Yesterday The Wrap reported that Zendaya, officially cast as "Michelle" in Spider-Man: Homecoming, is actually playing Mary Jane Watson, Peter Parker's most significant love interest. The internet had a lot to say about it, with many people complaining that a bi-racial actress without red hair would be playing one of comics' most well-known gingers. Others wondered why this was even a reveal, and looked back at Star Trek Into Darkness and Spectre to prove that holding characters as reveals is a bad idea. That's a good question: why would Marvel hold back Mary Jane as a reveal?

Well, first things first - my sources aren't convinced she's "Mary Jane," but I have been told in the past that she's playing "MJ," the abbreviation by which Mary Jane often goes. This means the name "Michelle" wouldn't be a lie, and that Marvel Studios wouldn't 100% be erasing Mary Jane's red hair; this is a twist on the character. So if Michelle's middle name begins with a J, you know this will be the case. Of course it's possible that my source just knows her as "Michelle" because that's what she's called on set, but I had heard about this before the name "Michelle" was even made public. 

As to the question about the fact that this is a reveal: that's easy - it always was. Fans who are upset that Mary Jane might not be a redhead in the movie are surely expert enough on the comics to know that Mary Jane Watson was herself a big reveal. Aunt May starts trying to set Peter up with the unseen Mary Jane as early as Amazing Spider-Man #15, and it becomes a running gag that he continuously finds reasons to not meet the girl. Peter assumes that any girl Aunt May wants to set him up with is a dog, and besides he has plenty of girl trouble already in his life. MJ doesn't show up in a comic until #25, and her face is obscured: 

It isn't until issue 42 - two years after she is first mentioned! - that she made her famous "Face it tiger, you just hit the jackpot" appearance... which was the final panel of the issue. That's how big of a reveal it was.

How do you pull off a reveal like that today? You can't - the second you cast someone as Mary Jane everyone in the audience knows who she is.

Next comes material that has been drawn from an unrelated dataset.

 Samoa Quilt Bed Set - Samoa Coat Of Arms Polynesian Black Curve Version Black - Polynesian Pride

But what if you want to have that same sense of discovery that readers had in 1966? What if you wanted to surprise people in the same way, without resorting to a cheap Khan or Blofeld reveal - ie, the reveal only has meaning for the audience, not for the character?

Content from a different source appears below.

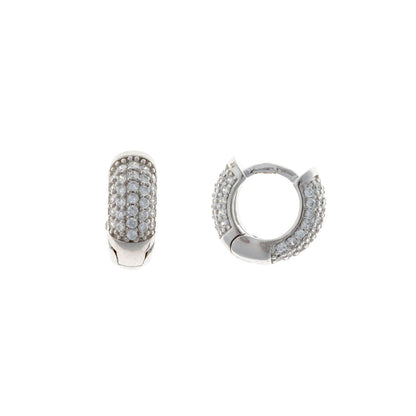 Sterling Silver Rhodium Plated 12 mm CZ Hoops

This is how I would do it, and this, I bet, is how Spider-Man: Homecoming is doing it (I do not have any real knowledge of how this story goes in the movie, I'm simply making an educated guess here):

Introduce Michelle. She's kind of frumpy and dresses down. She's not ugly by any means, but she also doesn't catch Peter's eye because the more conventionally and obviously beautiful Liz Allan is running around. Michelle doesn't seem like a fashion plate, she seems kind of like a nerd. Her relationship with Peter, as we saw in the San Diego Comic-Con footage, is full of bickering and sniping. Peter is off chasing the prettiest girl in the school... unaware that the actual prettiest girl just doesn't do her hair or put on make-up. He doesn't realize that the girl who meshes best with him is the girl in the oversized jacket who lobs zingers at him (the kind of zingers he might lob as Spider-Man). Until one night...

Yup, the titular homecoming dance. We know it's happening - a sign for it was seen in the SDCC footage. John Hughes has been namedropped as an inspiration for this movie, and there's a famous 'twist' in The Breakfast Club, in which Ally Sheedy gets cleaned up and is finally recognized as 'hot.' Imagine a scene where Michelle shows up in a great dress, hair all done, in make-up, and says that all her friends call her "MJ." That's how you make the reveal matter to both characters and audiences. 

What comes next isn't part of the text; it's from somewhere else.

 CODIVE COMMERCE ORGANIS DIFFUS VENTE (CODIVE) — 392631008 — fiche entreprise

Again, I have no inside knowledge about that element, just that Zendaya is playing someone named "MJ." That's all speculation. 

The red flag here is that the Ally Sheedy twist in The Breakfast Club fucking sucks. I hate that twist. I think Sheedy is hotter when she's a weirdo. Cleaning her up violates what makes her special. But check out some set photos of Michelle - they're not dressing her as special. She doesn't have a style. She's dressing down, very conspicuously so. And if it's her decision to get glammed up for the dance: good! I think people do look hotter when they put some effort into how they look. It's not a trope, it's not a cliche, it's a simple truth - find clothes that fit you well and get yourself a decent hairdo and wash your face and you'll be shocked at how much better you look. Take it from me, I do it about two or three times a year and everybody is amazed! If I can do it, so can Zendaya. 

So that's my guess as to why this character is a reveal. I agree it's kind of a bummer that the info got out there (and yes, we ran it as well. Welcome to the arms race that is online writing), but I think the reveal can still be fun in context.